Is it a good thing for your children to think you’re a rebel?

I long ago gave up on the notion that I could completely remake myself. Instead, I try to concentrate on the basics, the things I can give to my boys that will help them go out into the world equipped to deal with whatever comes their way.


Every Mother’s Day I resolve to find new ways to show them that I love them. I want them to store up enough kisses and hugs and”I love you’s”to last the rest of their lives. I want them to always remember tht the woman who knew them best was crazy about them.

I want them to feel so loved it will be easy for them to love others. And I want them to be loving fathers some day who are never distant or slow to say”I love you”to their own children.

I resolve, too, to respect my children more. They are a captive audience and it is easy for me to dispense with courtesy in the interest of time. But they deserve to feel valued and honored by me.

I will work harder at respecting their belongings, even when they end up on my dining room table. I will try to respect their choices, even when they embarrass me. I will try to value them more for who they are than who I want them to be.

I want this year to give my children a more complete understanding of the world and the people in it. I will do a better job of showing them that the comfortable life we have is the exception, not the norm. I will help them understand they no more deserve to have so much than other children deserve to have so little.

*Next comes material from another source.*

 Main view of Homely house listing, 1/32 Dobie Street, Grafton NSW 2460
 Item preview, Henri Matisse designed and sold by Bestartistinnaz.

As their mother, I will not try to shield them from reality, but give them a more complete sense of it. I will not let them grow up without understanding the inequities of the world.


This year, more than ever, I will pray for my children. I will pray for their physical safety and their spiritual growth. I will pray for the choices they will make and the choices made by others that will affect them.

I will pray, not because I believe I can control things, but because I know I can’t. I will pray because I am a mother who wants desperately to protect, and guide, and shield my children, but knows that doing so would keep them from growing up.

Mostly, I will pray because being a mother is a bigger job than I can handle on my own. I will pray that on Mother’s Days to come, the men who were once my boys will always remember they were loved by an imperfect woman who wanted more than anything to get this one thing right.